Noi poveri mortali, che non viaggiamo nello spazio in assenza di gravità e raramente siamo esposti alle micrometeoriti, lo conosciamo come un materiale che viene utilizzato, sotto forma di nastro o film adesivo, per rivestire il piano di lavoro delle stampanti 3D.Ma è proprio necessario questo ultratecnologico (e costoso) materiale? E’ veramente efficace? Quali sono i principi con i quali lavora?
Cominciamo col dire che per chi stampa in PLA, si ottengono risultati migliori di adesione della parte con il cosiddetto “nastro blu”, il nastro 3M utilizzato per mascherature nella verniciatura di carrozzerie. Costa meno, e funziona meglio.
Nella stampa con ABS (con piano riscaldato), il Kapton è piò efficace, poiché distribuisce meglio il calore sul piano di lavoro.
L’applicazione del kapton è un incubo. Tende – come tutti i film adesivi – a creare bolle d’aria che ovviamente creano problemi nella stampa. Per evitarle, si utilizza il classico metodo di inumidire il piano di lavoro con soluzioni di acqua saponata o similari (es. prodotti per la pulizia dei vetri).
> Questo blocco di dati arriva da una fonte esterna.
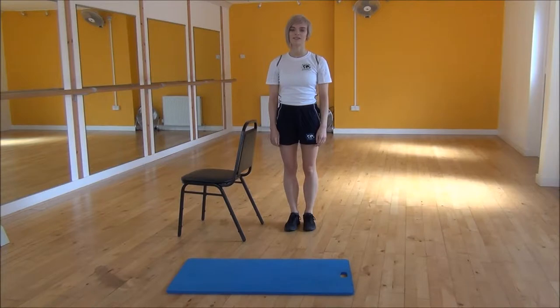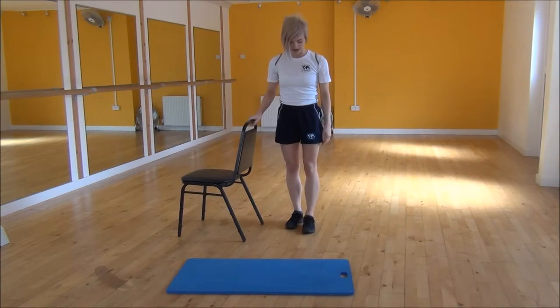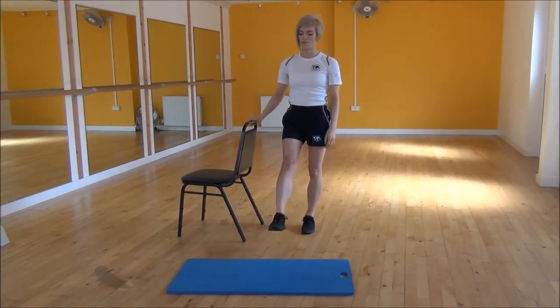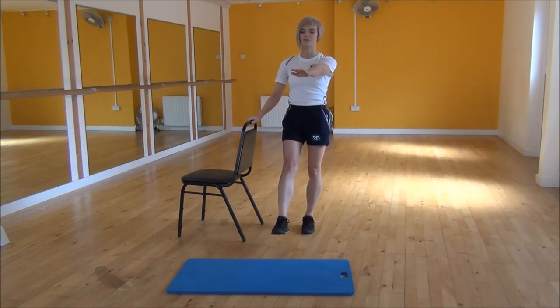Ok everyone, the next exercise today is a supported single leg squat. We're going to use a chair for this one. Stand with one leg out in front of you — the leg is next to the chair — and hold on to the chair with that same hand. From there, put your hand out in front of you.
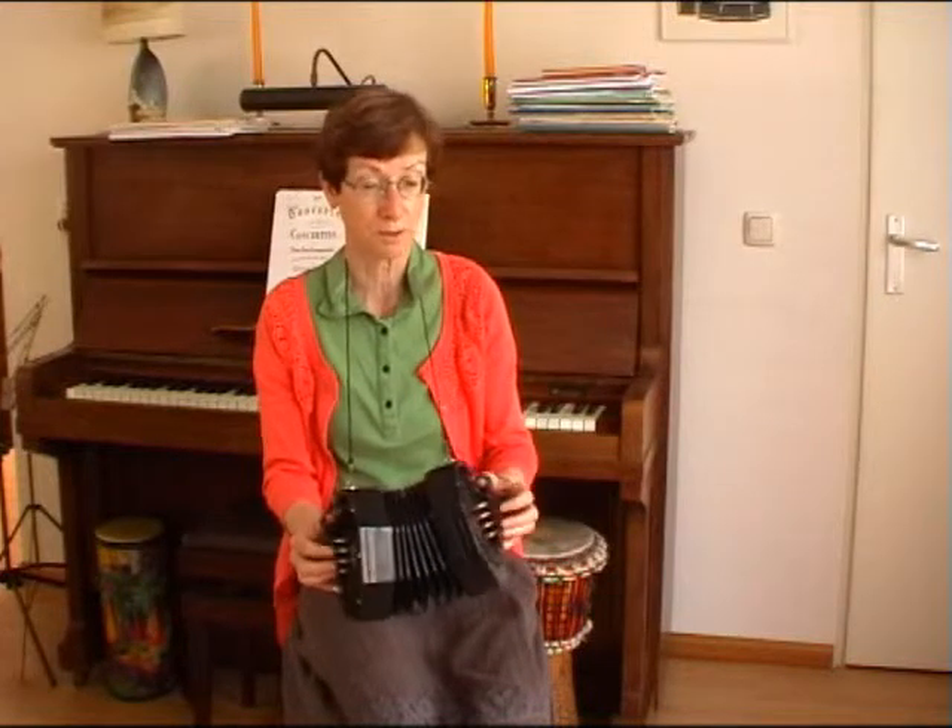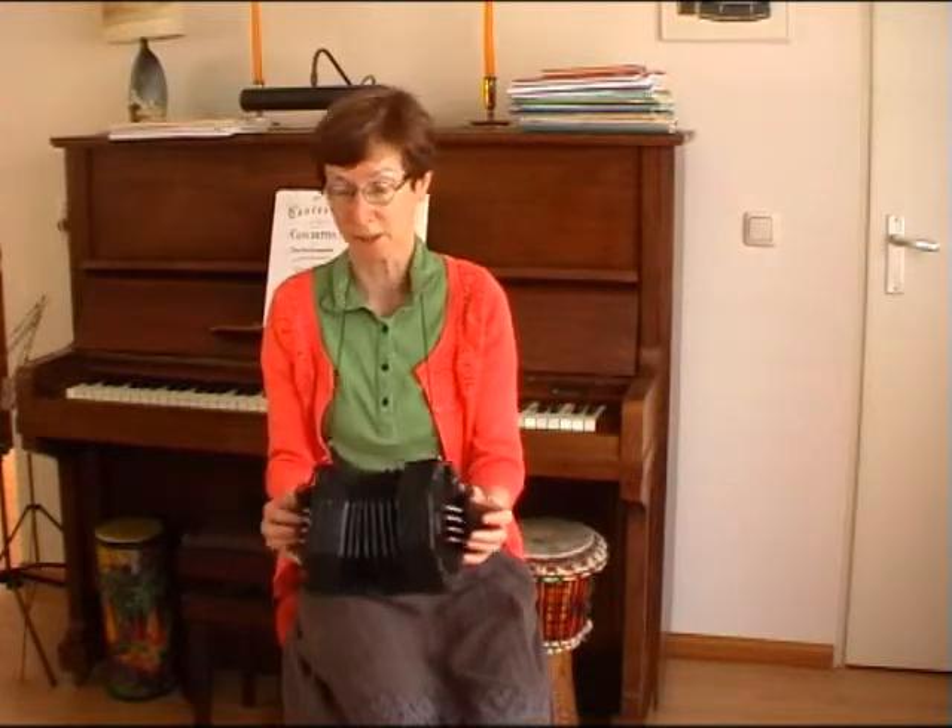And of course an octave higher, with F-sharp on the left side this time to start with.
Basta vedere il link per avere un’idea del lavoro che ci aspetta.
Spesso l’adesione che il Kapton comunque migliora non è ancora sufficiente. In questo caso, si può spruzzare con lacca per capelli (adottando le stesse cautele e protezioni utilizzate nel link precedente). Ma attenzione: la lacca sul Kapton può creare il problema opposto: la parte non si stacca più a fine stampa.
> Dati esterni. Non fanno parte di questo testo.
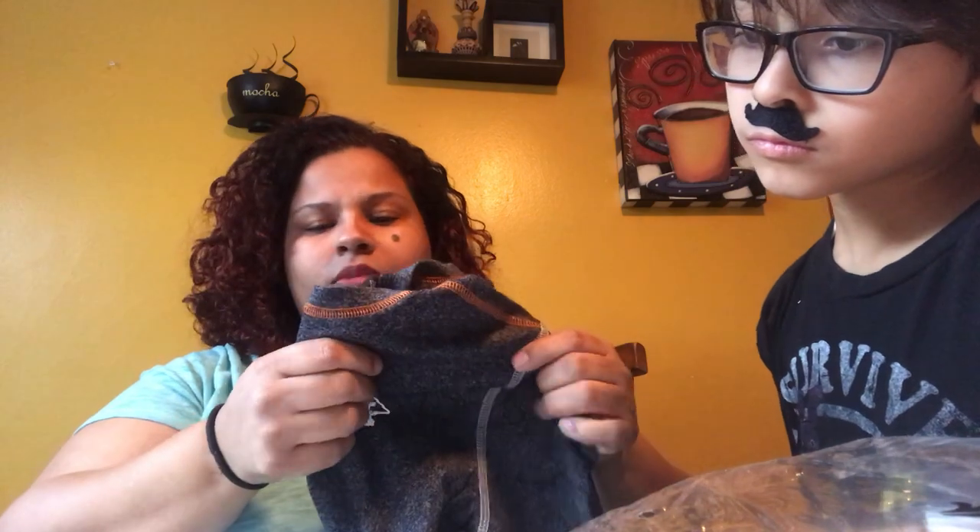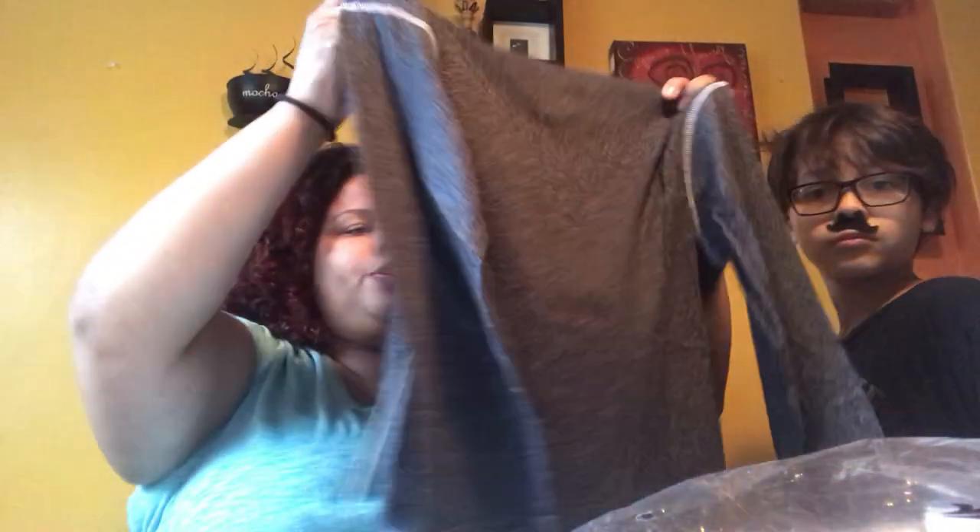The final item is an LRG boys henley, size medium, in black. The retail price is $20 and the Kit Box price is $15. This one is super cute — it's really soft and you can tell it's good quality. It's not one of those really thin cheaply-made shirts. It matches the first pair of joggers and I think it'll make a really cute outfit, probably layered with the chambray shirt. At this price, it's pretty comparable to what you'd pay at Target.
Comunque, supponendo di essere riusciti ad applicare correttamente il film o il nastro, e di aver ottenuto una sufficiente adesione, resta il problema che il primo layer deposto sul Kapton risulta a fine stampa perfettamente levigato e lucido, mentre il resto delle superfici assume il tipico aspetto delle superfici stampate in 3D (più o meno accettabile, a seconda della stampante). Anche se a volte questo risultato è perfino gradito, la difformità tra le diverse superfici in generale non è proprio piacevole.
Altre soluzioni? Zortrax ed alcuni altri produttori utilizzano comode superfici di lavoro microforate, che non richiedono ulteriori accorgimenti ed alchimie per garantire che la parte non si stacchi improvvisamente a metà lavoro. Mi sembra più furbo, comodo e presentabile. Francamente, dopo aver speso svariate centinaia di euro per una stampante, trovarci dentro (in dotazione, nel migliore dei casi) dei nastri adesivi e dei flaconi di lacca per capelli non è il massimo.